Berlin (Germany) (AFP) - Bundesliga champions Bayern Munich have hit back at accusations they were "disrespectful" in their signing of new head coach Niko Kovac.
Eintracht Frankfurt's plans for next season were thrown into chaos on Friday when Bayern confirmed Kovac, 46, will join them to replace Jupp Heynckes as coach in 2018/19.
Frankfurt's director of sport Fredi Bobic is furious the story was leaked on Thursday, insisting it was "certainly not from Frankfurt -- it's very annoying, not professional and disrespectful".
It was a thinly-veiled attack on Bayern, who reportedly paid a fee of 2.2 million euros ($2.7 million) to trigger a release clause in Kovac's Frankfurt contract.
Bayern officials responded to those claims on Saturday night.
"We found the statements of Fredi Bobic to be very outrageous," fumed president Uli Hoeness. "We exploited a hole he made in the contract with Kovac, which is very professional.
"But we decided to let them know as soon as possible, now they have more time to get a new coach."
Both Hoeness and Bayern's sports director Hasan Salihamidzic denied feeding the news to Germany's best selling daily Bild, who first broke the story.
"There was no information leaked by Bayern," insisted Salihamidzic before Bayern ran riot with a 5-1 win at home to Borussia Moenchengladbach.
"We had no interest at all in going public."
"I think that Bayern behaved very fairly, we have nothing to be blamed for.
"Frankfurt now has months to look for a successor (for Kovac).
"I have a good relationship with Fredi Bobic, and I'm sure we'll talk about it.
"We sorted things out on Thursday (with Kovac), but I won't give details."
However, Salihamidzic repeatedly avoided answering questions about when Bayern first approached Kovac.
Former Croatia international Kovac, who has signed a three-year contract, claims the whole deal was done on Thursday.
"There was a call from Munich and an offer, which I accepted. That's how it happened," Kovac said.

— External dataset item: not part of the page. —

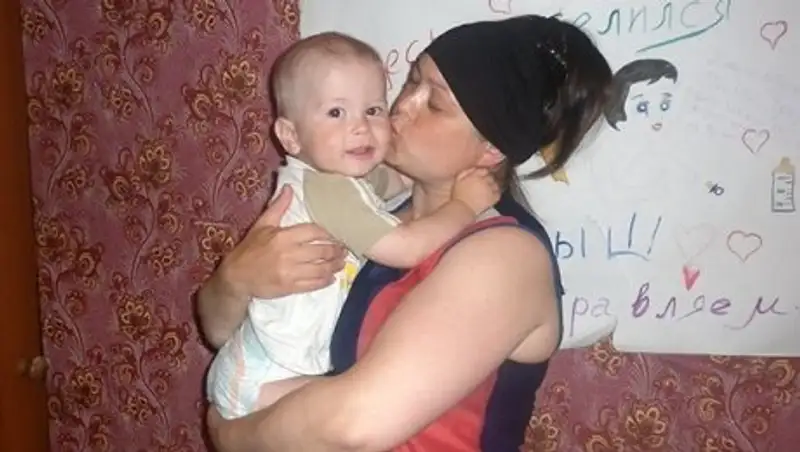 В Караганде годовалый малыш упал со второго этажа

But ex-Germany internationals Lothar Matthaeus and Christoph Metzelder, both working as pundits for Sky, doubted Kovac's version of events.
"An agreement with Bayern in just one day -- I can't quite accept that," said Matthaeus, who lifted the World Cup in 1990.
"I do not think Bayern and Niko Kovac would sign a contract within a few hours."
Metzelder, who earned 47 caps between 2001 and 2008, agreed with Matthaeus.
"I can't believe it. Normally there are several discussions, over several weeks, involving lawyers. It doesn't happen that fast," said the former Dortmund defender.